• **SOURCE DATA**
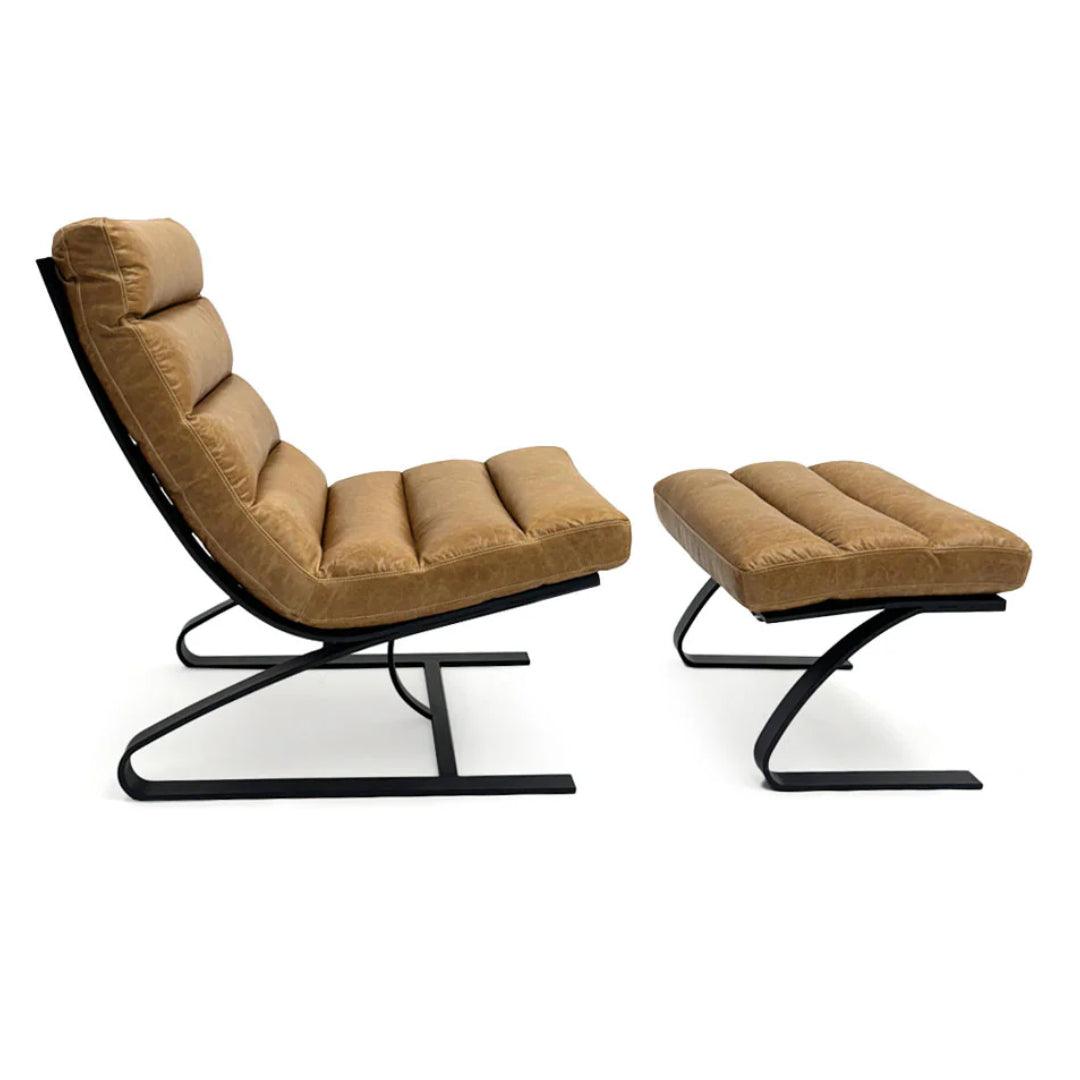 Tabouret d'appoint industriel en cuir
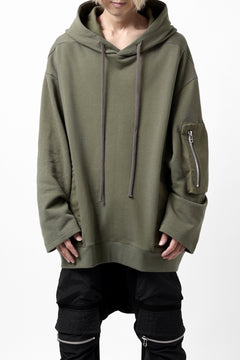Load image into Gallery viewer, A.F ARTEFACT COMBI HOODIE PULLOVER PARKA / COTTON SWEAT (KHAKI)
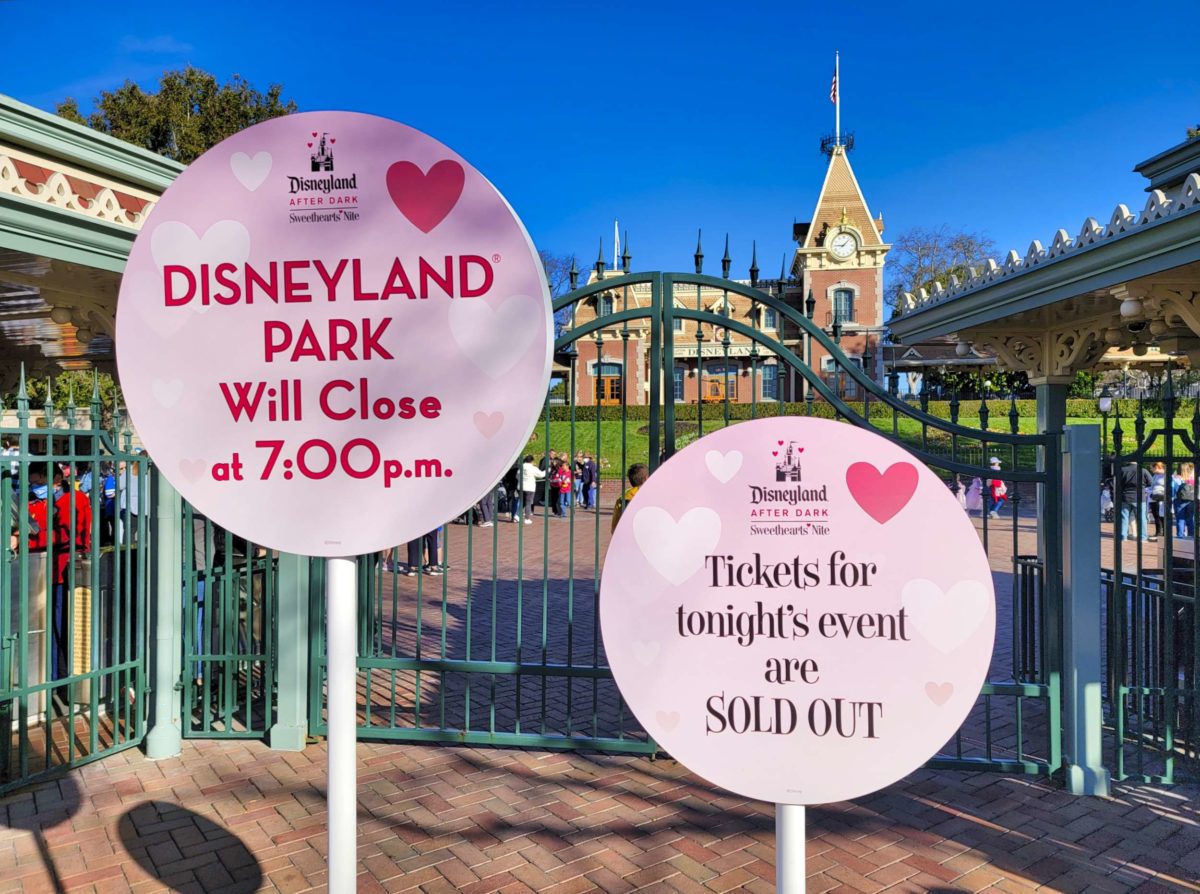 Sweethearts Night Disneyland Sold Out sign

• **PROBLEM TO SOLVE**
Write the full listing out again with every line unchanged, but include no pictures.

• **EXERCISE SOLUTION**
 Tabouret d'appoint industriel en cuir
Load image into Gallery viewer, A.F ARTEFACT COMBI HOODIE PULLOVER PARKA / COTTON SWEAT (KHAKI)
 Sweethearts Night Disneyland Sold Out sign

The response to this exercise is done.